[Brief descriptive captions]
────────────────────

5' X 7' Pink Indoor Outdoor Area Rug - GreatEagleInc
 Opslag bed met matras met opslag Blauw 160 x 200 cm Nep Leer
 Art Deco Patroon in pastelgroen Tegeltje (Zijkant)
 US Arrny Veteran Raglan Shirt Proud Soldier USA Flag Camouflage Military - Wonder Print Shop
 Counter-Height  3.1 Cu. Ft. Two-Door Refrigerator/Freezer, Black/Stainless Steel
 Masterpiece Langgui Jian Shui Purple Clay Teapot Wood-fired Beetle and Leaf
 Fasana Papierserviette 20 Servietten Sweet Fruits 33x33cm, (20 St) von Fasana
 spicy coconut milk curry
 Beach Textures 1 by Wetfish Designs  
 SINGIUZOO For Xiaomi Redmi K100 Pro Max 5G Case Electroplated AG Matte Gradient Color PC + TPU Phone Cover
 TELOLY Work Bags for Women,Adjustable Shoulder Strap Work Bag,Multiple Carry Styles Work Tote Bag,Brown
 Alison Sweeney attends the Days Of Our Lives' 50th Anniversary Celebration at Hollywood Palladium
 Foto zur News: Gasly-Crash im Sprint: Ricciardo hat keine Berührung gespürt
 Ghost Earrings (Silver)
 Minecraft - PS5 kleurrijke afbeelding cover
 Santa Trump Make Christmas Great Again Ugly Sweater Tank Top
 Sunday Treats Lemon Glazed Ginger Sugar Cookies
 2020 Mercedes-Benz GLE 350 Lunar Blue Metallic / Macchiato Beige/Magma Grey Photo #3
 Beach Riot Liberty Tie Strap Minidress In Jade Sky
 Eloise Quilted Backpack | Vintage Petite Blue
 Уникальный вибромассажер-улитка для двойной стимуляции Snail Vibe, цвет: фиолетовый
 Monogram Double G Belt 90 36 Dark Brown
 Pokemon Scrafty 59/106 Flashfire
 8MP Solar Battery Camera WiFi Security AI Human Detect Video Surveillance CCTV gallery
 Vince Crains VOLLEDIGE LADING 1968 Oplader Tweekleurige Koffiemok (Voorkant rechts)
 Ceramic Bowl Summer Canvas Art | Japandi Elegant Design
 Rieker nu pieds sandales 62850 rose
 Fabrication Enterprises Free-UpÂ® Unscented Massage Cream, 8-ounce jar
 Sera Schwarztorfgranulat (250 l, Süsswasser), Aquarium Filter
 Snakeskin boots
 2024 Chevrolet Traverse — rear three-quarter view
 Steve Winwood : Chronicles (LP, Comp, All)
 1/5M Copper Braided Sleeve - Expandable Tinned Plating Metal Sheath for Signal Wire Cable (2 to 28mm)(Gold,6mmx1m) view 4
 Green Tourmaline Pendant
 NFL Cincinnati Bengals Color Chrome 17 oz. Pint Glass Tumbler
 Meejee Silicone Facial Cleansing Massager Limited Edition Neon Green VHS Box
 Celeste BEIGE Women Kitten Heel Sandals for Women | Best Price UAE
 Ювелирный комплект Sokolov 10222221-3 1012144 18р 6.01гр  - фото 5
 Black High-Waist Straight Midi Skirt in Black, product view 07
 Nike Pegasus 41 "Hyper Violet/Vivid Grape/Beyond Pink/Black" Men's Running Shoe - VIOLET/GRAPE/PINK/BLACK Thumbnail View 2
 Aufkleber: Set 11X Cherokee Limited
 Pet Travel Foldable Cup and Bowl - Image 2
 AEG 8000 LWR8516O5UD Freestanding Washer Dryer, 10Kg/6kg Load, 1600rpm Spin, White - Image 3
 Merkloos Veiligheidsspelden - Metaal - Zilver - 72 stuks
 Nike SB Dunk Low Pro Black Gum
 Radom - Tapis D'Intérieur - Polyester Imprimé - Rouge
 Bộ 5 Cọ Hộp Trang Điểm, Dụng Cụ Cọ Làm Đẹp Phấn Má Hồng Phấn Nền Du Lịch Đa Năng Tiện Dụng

────────────────────

The response must contain exactly the lines from the one with "Santa Trump Make" to the end of the entries above, both included, and nothing more.

 Santa Trump Make Christmas Great Again Ugly Sweater Tank Top
 Sunday Treats Lemon Glazed Ginger Sugar Cookies
 2020 Mercedes-Benz GLE 350 Lunar Blue Metallic / Macchiato Beige/Magma Grey Photo #3
 Beach Riot Liberty Tie Strap Minidress In Jade Sky
 Eloise Quilted Backpack | Vintage Petite Blue
 Уникальный вибромассажер-улитка для двойной стимуляции Snail Vibe, цвет: фиолетовый
 Monogram Double G Belt 90 36 Dark Brown
 Pokemon Scrafty 59/106 Flashfire
 8MP Solar Battery Camera WiFi Security AI Human Detect Video Surveillance CCTV gallery
 Vince Crains VOLLEDIGE LADING 1968 Oplader Tweekleurige Koffiemok (Voorkant rechts)
 Ceramic Bowl Summer Canvas Art | Japandi Elegant Design
 Rieker nu pieds sandales 62850 rose
 Fabrication Enterprises Free-UpÂ® Unscented Massage Cream, 8-ounce jar
 Sera Schwarztorfgranulat (250 l, Süsswasser), Aquarium Filter
 Snakeskin boots
 2024 Chevrolet Traverse — rear three-quarter view
 Steve Winwood : Chronicles (LP, Comp, All)
 1/5M Copper Braided Sleeve - Expandable Tinned Plating Metal Sheath for Signal Wire Cable (2 to 28mm)(Gold,6mmx1m) view 4
 Green Tourmaline Pendant
 NFL Cincinnati Bengals Color Chrome 17 oz. Pint Glass Tumbler
 Meejee Silicone Facial Cleansing Massager Limited Edition Neon Green VHS Box
 Celeste BEIGE Women Kitten Heel Sandals for Women | Best Price UAE
 Ювелирный комплект Sokolov 10222221-3 1012144 18р 6.01гр  - фото 5
 Black High-Waist Straight Midi Skirt in Black, product view 07
 Nike Pegasus 41 "Hyper Violet/Vivid Grape/Beyond Pink/Black" Men's Running Shoe - VIOLET/GRAPE/PINK/BLACK Thumbnail View 2
 Aufkleber: Set 11X Cherokee Limited
 Pet Travel Foldable Cup and Bowl - Image 2
 AEG 8000 LWR8516O5UD Freestanding Washer Dryer, 10Kg/6kg Load, 1600rpm Spin, White - Image 3
 Merkloos Veiligheidsspelden - Metaal - Zilver - 72 stuks
 Nike SB Dunk Low Pro Black Gum
 Radom - Tapis D'Intérieur - Polyester Imprimé - Rouge
 Bộ 5 Cọ Hộp Trang Điểm, Dụng Cụ Cọ Làm Đẹp Phấn Má Hồng Phấn Nền Du Lịch Đa Năng Tiện Dụng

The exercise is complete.